Speaking of rain forests, my husband brought home a tree last week. A house tree. Working in the apartment industry, there are often remodels of office space, model apartments and common areas. And often, there are knick knacks that are either thrown out, or free (or close to free) for the taking. This has been a benefit to us in the past. A little worn coach for a token $50 just because someone decided a new look in the model would show better online? Sure! For $50, our kids can definitely destroy that (one day we’ll have nice things…)! Random ugly framed art? Free frames! Totally worth sitting in our basement until the right artwork comes around. I’m on board. What about a house tree? Where would we put it?, I ask. It’s not that we live in a shoebox, but we definitely seem to have exceeded our stuff allotment. It’s a tree!, my husband says. We can’t just let them throw out a tree. And in principle, I agree. A tree should be respected and tended. Except that now there is an 8-foot tree in my living room. We’ll give it a week, my husband says. Maybe two. Just to see.
It seems petty to mention that the real, live, growing tree is covering up my black vinyl sticker tree. My husband says that’s actually the best part, not because he hates vinyl sticker trees (I don’t think), but because you can see the blue birds right through the real tree’s branches! So it’s a tree within a tree! You like trees, he points out. Our whole living room was full of pictures of trees, anyway. And this is true. In two weeks, I probably won’t even remember a time when there wasn’t an 8-foot tree in my living room.

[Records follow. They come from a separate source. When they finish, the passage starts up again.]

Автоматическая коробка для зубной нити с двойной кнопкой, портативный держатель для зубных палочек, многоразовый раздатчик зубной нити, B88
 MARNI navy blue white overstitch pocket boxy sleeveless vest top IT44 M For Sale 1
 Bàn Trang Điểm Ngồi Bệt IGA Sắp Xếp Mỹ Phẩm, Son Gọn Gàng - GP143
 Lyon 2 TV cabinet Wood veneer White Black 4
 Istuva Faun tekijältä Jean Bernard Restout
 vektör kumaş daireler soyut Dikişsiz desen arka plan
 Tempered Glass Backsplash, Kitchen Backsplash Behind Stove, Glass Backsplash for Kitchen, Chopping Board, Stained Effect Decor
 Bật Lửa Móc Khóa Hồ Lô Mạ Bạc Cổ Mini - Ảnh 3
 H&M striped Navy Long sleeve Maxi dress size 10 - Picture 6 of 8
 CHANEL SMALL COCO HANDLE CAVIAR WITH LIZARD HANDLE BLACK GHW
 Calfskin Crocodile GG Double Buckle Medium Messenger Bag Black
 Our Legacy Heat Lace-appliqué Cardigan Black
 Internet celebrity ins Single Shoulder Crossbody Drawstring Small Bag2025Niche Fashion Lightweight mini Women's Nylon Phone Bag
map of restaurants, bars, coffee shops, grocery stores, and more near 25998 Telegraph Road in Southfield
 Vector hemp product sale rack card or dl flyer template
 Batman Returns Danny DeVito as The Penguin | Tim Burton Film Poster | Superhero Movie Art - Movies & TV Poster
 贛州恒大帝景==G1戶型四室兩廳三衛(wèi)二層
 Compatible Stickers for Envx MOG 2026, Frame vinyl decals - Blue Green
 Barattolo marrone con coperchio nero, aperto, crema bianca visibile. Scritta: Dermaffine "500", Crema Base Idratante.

In any case, I had far greater issues. This weekend while I was leaving the grocery store, I suddenly realized that I was ridiculously dehydrated. Luckily, the grocery store is one of the best places to realize that, and I actually had a 12-pack of sparkling water right in my very own cart. Being a woman of action, I immediately solved the hydration issue, but at unanticipated peril to my hand. A cardboard cut. The worst of the small but horrible cut variety. And right on my pinky! Do you know how often you use your pinky? Especially if you work in an office, with a keyboard? About eleventy-million times a day. Thank goodness my daughter had had an injury just horrible enough herself, earlier in the day, to need about 25 seconds of ice on the way to her soccer game. That ice, long since melted, but now a snack baggie of clean water in a grocery store parking lot, served as the first aid I needed to keep my limb and continue home. But seriously, eleventy-million times a day.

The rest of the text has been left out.